Reconceiving Batman requires radical thinking, and Memento director Christopher Nolan takes a revolutionary, and revelatory, approach with Batman Begins. Waking from a recurring flashback of his childhood fall down a bat-filled well, Gotham’s most famous son Bruce Wayne (Christian Bale) finds himself in a place many of us would consider a worse nightmare: a cell in a Chinese prison. But the wealthy playboy didn’t get caught at the wrong end of a Midnight Express-style vacation drug bust – he chose to be there. Racked with guilt and anger after witnessing his parents’ murders as a child, Wayne set out to travel the world in an attempt to understand the criminal mind, only to end up incarcerated. He finds salvation in Henri Ducard (Liam Neeson), an eccentric who brings the wayward Wayne out of prison and into the fold of secretive warriors who train him to confront fear and fight evil. Ready to kick ass, Wayne returns to Gotham and creates his alter-ego: Batman. As is usually the case with superheroes, his timing is impeccable – a madman is about to poison the city’s water supply with a hallucinogenic drug.

By focusing on the complex emotions seething beneath the surface, Batman Begins provides a gripping exposition of the Batman myth.
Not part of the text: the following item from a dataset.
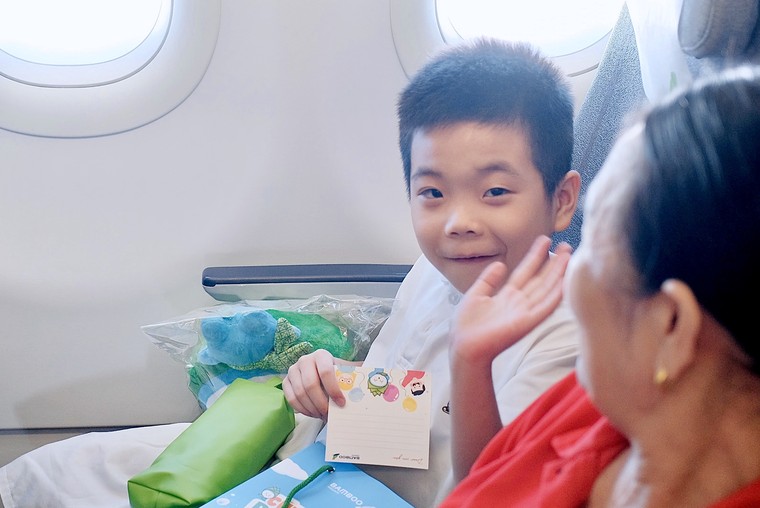 Rộn ràng nụ cười trẻ thơ trên những chuyến bay Bamboo Airways ảnh 3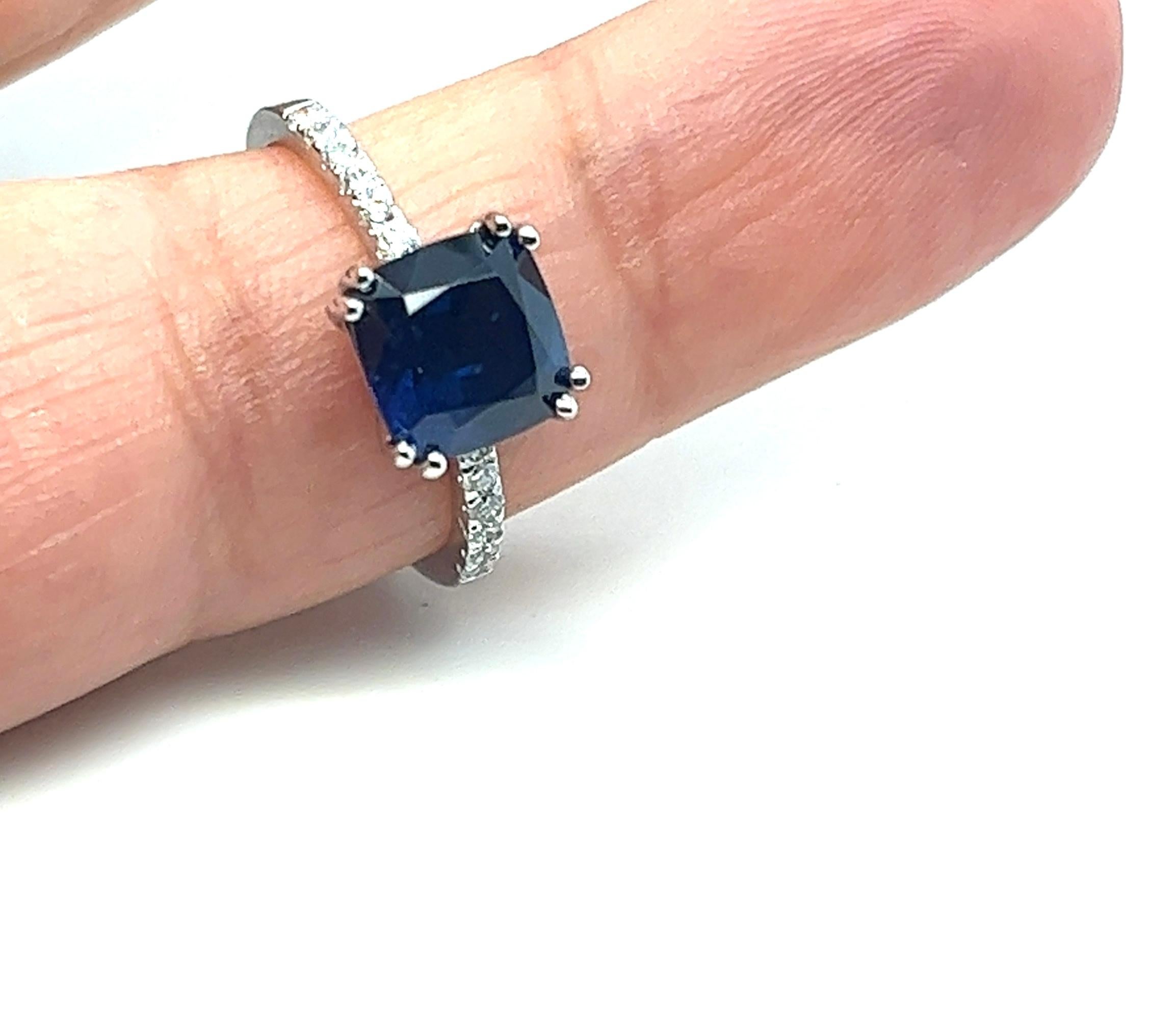 Contemporary Natural 3.39 carat Sapphire Diamond Gemstone Ring For Sale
Bale gives an intense, nuanced performance as the Dark Knight, invigorating a role that has grown stale (or disasterous, depending on how much you hated Joel Schumacher’s Batman & Robin). Bale’s version of Batman wakes up bruised and battered but immediately does push-ups. This is likely a nod to Bale’s American Psycho regimen, but it’s also a telling portrait of a man fighting with missionary zeal. The supporting cast is also excellent. Loyal butler Alfred (Michael Caine) helps reclaim Wayne Manor, reclusive inventor Lucius Fox (Morgan Freeman) arms Batman to the teeth and friend Rachel Dawes (Katie Holmes) helps Wayne find his moral center. The fantastical feel of Tim Burton’s first two Batman flicks is absent from Batman Begins. This new movie, a steely meditation on the meaning of revenge and justice that’s as dark as it is dashing, presents a more complex hero struggling to find his place.